How the Cass Review relates to Canada- an official letter from Our Duty Canada

On the back of the release of the final systematic Cass Review conducted by Dr. Hilary Cass, an accomplished British honorary physician in pediatric disability, ODC crafted an official letter to raise awareness and to call for a similar review in Canada. We sent the letter to public health officials, the Premiere of each province and, of course, our incredibly biased Prime Minister.

We encourage you to use this letter in full or in pieces to send to those in positions of authority who continue to push the now discredited gender affirming care model onto vulnerable children and adolescents.

You can access a PDF copy of the letter HERE or read it below.

We are a group of concerned parents, most of whom have children struggling with gender distress and grappling with the largely unrestricted social and medical options being presented to them in Canada.  We believe that no child has the necessary cognitive and psychosocial maturity to provide informed consent to the use of synthetic cross-sex hormones and surgical procedures (referred to as “gender affirming care”) that may permanently damage their health, sexual function and fertility.  As a group, we share a very unique perspective based on 2 strengths: (1) We have a wealth of first-hand experience with children experiencing gender distress, because we parent them, as well as with the medical and mental health practitioners who have recommended gender-affirming care for these children, and (2) As dedicated parents, some of whom are also researchers, academics and mental health professionals, we also carefully follow the results of peer-reviewed research in this area, which, to date, has NOT yielded strong evidence of the safety or effectiveness of these gender affirming medical treatments. Therefore, we work to increase public awareness and pressure our social, medical and political organizations to conduct themselves from an evidence-based perspective.

The most recent research-based findings related to gender-affirming care were released on 10 April 2024 in the form of the Cass Review.
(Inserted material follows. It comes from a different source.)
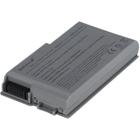 Bateria para Notebook Dell Part number N9406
Given the incredible scope and significance of this review, we are writing to ensure that you are aware of its key findings and corresponding recommendations. Although this systematic review of evidence was executed in England, focusing on The Gender Identity Development Service for children and adolescents which is managed by the Tavistock and Portman NHS Foundation Trust, its findings and recommendations are relevant to the practice of what is referred to as gender  affirming care in Canada.


The Independent Review of Gender Identity Services for Children and Young People (The Cass Review) was commissioned by NHS England and NHS Improvement in Autumn 2020 to make recommendations about the services provided by the NHS to children and young people who are questioning their gender identity or experiencing gender incongruence. 


Below is a table with several key findings of the Cass Review, the review’s corresponding recommendations, and their relevance to the Canadian context.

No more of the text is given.